The Fourth Science Fiction Megapack Read online

Page 3


  “She won’t be, probably. But Earth shares biometric data with Marsnet.”

  “Still won’t tell us where she is on Mars. I like the idea—”

  “Even Land Ethic Nomads can’t stay out in the sky forever. Send out biometrics, including the photo itself, and tell Pharmholders to check when travelers seek shelter.”

  “Yes, yes, Daddy, Mama, we can go home then?” Sekou was not asleep, it seemed.

  “Yes, little habling, yes, but close your eyes and go to sleep like Daddy said.”

  “Okay. But I have to go so bad!”

  Marcus patted the top of the bubble with his gloved hand. “Remember what I said, now. Close your eyes. Mama and Daddy have to talk some.”

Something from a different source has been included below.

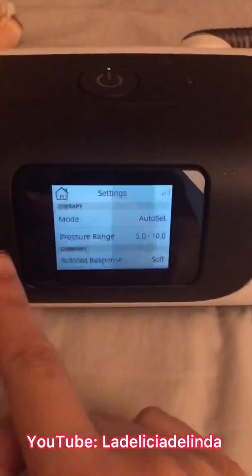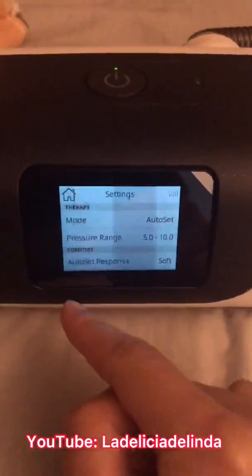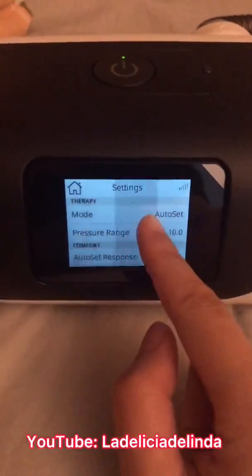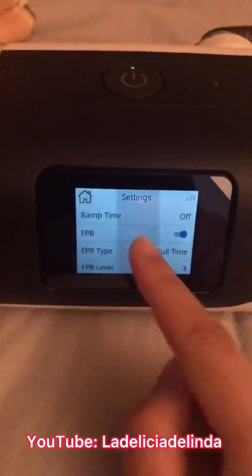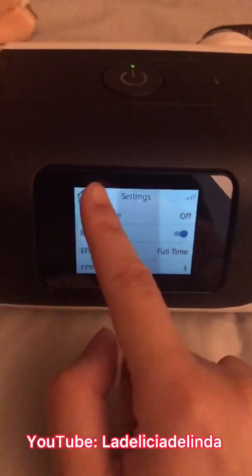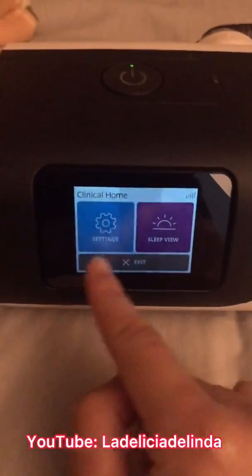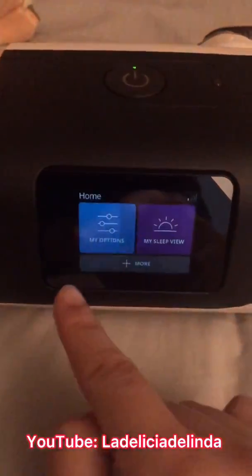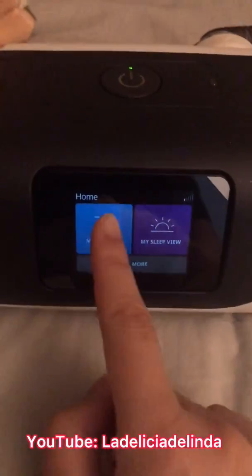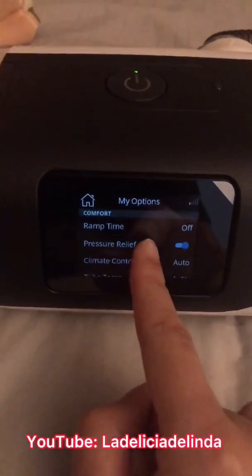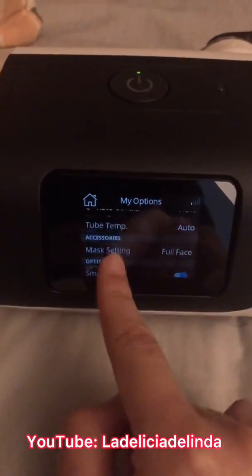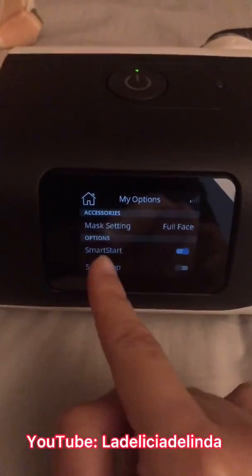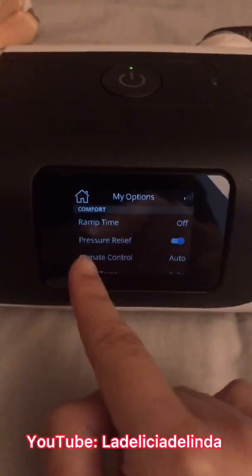So again, two fingers on the touchscreen, hold, and the clinical home pops up. You have the settings here and it's not really that much different on the clinical setting side versus the side the patient usually sees. For the AirSense 11, the comfort settings accessible to you are pretty similar to the clinical settings.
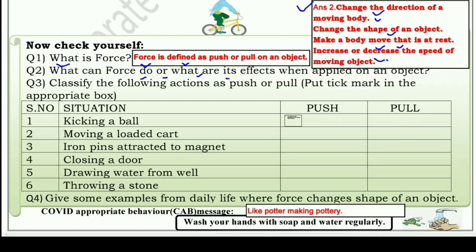Question number three is an activity: Classify the following actions as push or pull. Put a tick mark in the appropriate box. नीचे कुछ situations दे रखी हैं और push और pull दो columns बना रखे हैं — आपने केवल उस situation को देख के बताना है कि उसमें push हो रहा है या pull हो रहा है।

  Zora said, “There’s one problem. I have no idea where that photo plate is.”

  “Ask Sekou.”

  Sekou heard his name and was instantly awake, sensing some how that he could be part of the solution to the family crisis. “Mommy! Mommy! It’s in my bedroom. I tried to show you when you read my story to me, only you made me go to sleep.”

  Zora felt a shudder of fear and hope. She knew Marcus would volunteer to go back into the hab and retrieve the camera and the photo plate. She knew it was dangerous, but she made an instant calculation: life without Marcus would be hell, and life on Mars without Marcus would be worse than hell.

  Marcus had already turned the rover around. She bit her lip. She was going to insist on being the one to go into that hot hab. But she wouldn’t make her bid until the last possible minute. She’d surprise him, force him into letting her do it before he could think. The entire ride was silent. Maybe Marcus was making the same calculations.

  * * * *

  As they neared the hab, Sekou’s tired little voice piped up. “Can we go back in now?”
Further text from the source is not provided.